Y por otro, la transparencia: los inversores, prestadores y entidades de seguros ya demandan activamente la publicación de los riesgos climáticos de las compañías. En este sentido, la principal iniciativa a nivel mundial que ha facilitado este proceso hasta el momento, el Task Force for Climate related Financial Disclosure (TCFD) ya aglutinaba, en enero de 2022, a más de 3.000 organizaciones de 92 países y más de 27 billones de dólares de capitalización. Entidades que están contando lo que hacen en materia de cambio climático, los riesgos que soportan y las oportunidades en las que trabajan.

Ambas fuentes, regulación y transparencia, beben de un mismo manantial: los riesgos climáticos. En el ámbito del cambio climático y en muchos otros, el riesgo es la concatenación de cuatro factores: peligros o impactos potenciales, grado de exposición, grado de vulnerabilidad y medidas de minimización. En función de cómo se resuelven las interacciones entre ellos en una organización, el riesgo es de una u otra magnitud.

Existen dos bloques fundamentales de riesgos asociados al cambio climático:

  • Riesgos físicos. Se producen como consecuencia de impactos agudos o crónicos del clima sobre, entre otros, las actividades productivas. Los riesgos agudos son los derivados de eventos climatológicos extremos como pueden ser las inundaciones. Por su parte, los riesgos físicos crónicos son aquellos que tienen un carácter recurrente. Puede ser, por ejemplo, la reducción de la producción agrícola por escasez de las precipitaciones y el incremento simultáneo de temperaturas o la reducción de la producción de un parque eólico por la variación de la velocidad del viento. Y, no olvidemos por supuesto, la menor disponibilidad de agua. Esta categoría de riesgo es la más percibida en muchos ámbitos por su mejor visualización gracias, entre otros motivos, a las frecuentes apariciones en prensa de este tipo de impactos cuando los riesgos no habían sido convenientemente minimizados.
  • Riesgos de transición. Estos se producen como consecuencia de la necesaria transición hacia un modelo de emisiones netas nulas. Son aquellos riesgos regulatorios, de mercado, tecnológicos o de reputación. Porque la regulación avanza hacia el establecimiento de impuestos de carbono a la importación de ciertos productos en la Unión Europea (caso del Carbon Border Adjustment Mechanism). Porque el mercado ve con muchos mejores ojos aquellas tecnologías orientadas al almacenamiento de energía renovable y la electrificación de la movilidad. Porque algunas tecnologías intensivas en emisiones dejan de tener sentido cuando existen alternativas más limpias y de menor coste (caso de la generación eléctrica con carbón versus la solar fotovoltaica). Porque los agentes interesados de las organizaciones ya exigen, más que sugieren, que éstas colaboren en la transición a un mundo con emisiones netas nulas.
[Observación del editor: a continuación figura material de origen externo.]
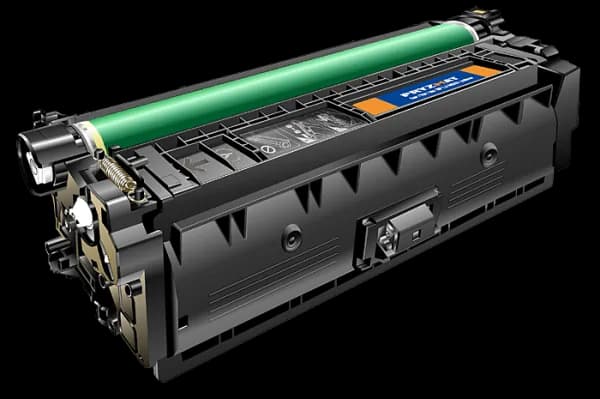 HP LJ Color Enterprise M552 Yellow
Pero lógicamente en ese escenario de transición, en el que en Europa tenemos el compromiso de reducir a más de la mitad nuestras emisiones en 2030 y a casi cero en 2050, están surgiendo múltiples oportunidades. De diferenciación de la competencia, de ahorro de costes, de modernización tecnológica e incluso de desarrollo de nuevos productos y servicios.

Así, muchas organizaciones ya han puesto su maquinaria de identificación, valoración y minimización de riesgos climáticos a diferentes niveles. Lógicamente, también están activamente identificando, valorando y potenciando las oportunidades que van aflorando. Porque el clima, la regulación y el hambre de transparencia se están uniendo para impulsar a las organizaciones en la buena dirección: la de una economía baja en carbono y adaptada.